I created a recipe that has the input and output datasets in Redshift.
After I ran the recipe and populated the output dataset, I modified it externally, outside of Dataiku by dropping some rows.
And the modification broke something real bad.
First, when I queried the dataset from a SQL notebook I would see the dropped rows.
Then, when I tried to rebuild the dataset, the job stalled. The last line in the log file was:
Now, I can't do anything with this table, can't view it, can't rebuild it.
What did I do wrong? Why can't I modify the table created by Dataiku?
Can you clarify exactly how you modified this dataset externally and how you went about dropping some rows from this table? When you run a recipe in overwrite mode (default setting), DSS will attempt to drop the target table/dataset before recreating it. Can you check if you are able to drop this table directly? If so, can you try rebuilding this dataset again afterwards?
query = """ delete from [schema_name].[table_name] where [column_name] = value; """ pandas.io.sql.execute(query, cnxn)

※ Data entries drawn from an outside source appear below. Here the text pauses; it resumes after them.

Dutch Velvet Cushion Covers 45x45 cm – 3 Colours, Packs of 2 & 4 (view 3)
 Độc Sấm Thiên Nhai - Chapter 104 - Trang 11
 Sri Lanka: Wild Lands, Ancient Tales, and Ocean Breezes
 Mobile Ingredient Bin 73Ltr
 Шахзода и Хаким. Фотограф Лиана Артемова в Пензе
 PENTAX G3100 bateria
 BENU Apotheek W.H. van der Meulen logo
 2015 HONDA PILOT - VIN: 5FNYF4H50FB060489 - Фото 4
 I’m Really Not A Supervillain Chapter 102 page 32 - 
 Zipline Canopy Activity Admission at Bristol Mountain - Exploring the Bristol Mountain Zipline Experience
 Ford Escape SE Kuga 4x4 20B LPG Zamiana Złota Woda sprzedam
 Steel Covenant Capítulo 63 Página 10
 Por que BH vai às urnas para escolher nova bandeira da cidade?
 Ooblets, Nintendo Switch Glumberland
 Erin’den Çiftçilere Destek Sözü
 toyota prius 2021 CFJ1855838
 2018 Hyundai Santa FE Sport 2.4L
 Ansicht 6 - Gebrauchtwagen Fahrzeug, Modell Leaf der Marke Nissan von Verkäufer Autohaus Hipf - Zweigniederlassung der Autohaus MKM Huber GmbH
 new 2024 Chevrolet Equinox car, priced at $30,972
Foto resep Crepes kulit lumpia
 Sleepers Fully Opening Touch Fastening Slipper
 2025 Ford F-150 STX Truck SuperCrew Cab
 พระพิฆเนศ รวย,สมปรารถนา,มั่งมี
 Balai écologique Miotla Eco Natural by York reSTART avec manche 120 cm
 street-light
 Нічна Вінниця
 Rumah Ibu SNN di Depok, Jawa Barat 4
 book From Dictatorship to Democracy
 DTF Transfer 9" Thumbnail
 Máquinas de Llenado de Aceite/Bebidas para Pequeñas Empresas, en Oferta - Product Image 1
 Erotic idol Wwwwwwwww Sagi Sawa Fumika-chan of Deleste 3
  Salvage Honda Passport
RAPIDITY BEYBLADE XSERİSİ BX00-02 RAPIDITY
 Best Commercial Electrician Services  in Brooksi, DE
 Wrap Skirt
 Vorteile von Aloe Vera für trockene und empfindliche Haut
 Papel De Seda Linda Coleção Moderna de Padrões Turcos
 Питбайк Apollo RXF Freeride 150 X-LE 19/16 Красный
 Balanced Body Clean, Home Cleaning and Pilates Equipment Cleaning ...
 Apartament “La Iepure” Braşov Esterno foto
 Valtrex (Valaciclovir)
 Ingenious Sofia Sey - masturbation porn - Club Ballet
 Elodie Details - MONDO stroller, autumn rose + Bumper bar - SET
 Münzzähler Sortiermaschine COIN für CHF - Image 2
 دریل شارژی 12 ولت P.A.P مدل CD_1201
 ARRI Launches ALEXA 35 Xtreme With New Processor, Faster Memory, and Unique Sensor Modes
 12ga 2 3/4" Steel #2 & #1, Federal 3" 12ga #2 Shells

Yes I dropped the table directly. But even after than Dataiku was showing the table as present until I dropped in Dataiku.
I.e. I executed
drop table [schema_name].[table_name]
outside of DSS and then in the SQL notebook in DSS, and only then the table disappeared from the view in DSS
You might need to add a Commit after your drop statement when dropping the table outside of DSS to ensure that the table is actually being dropped properly.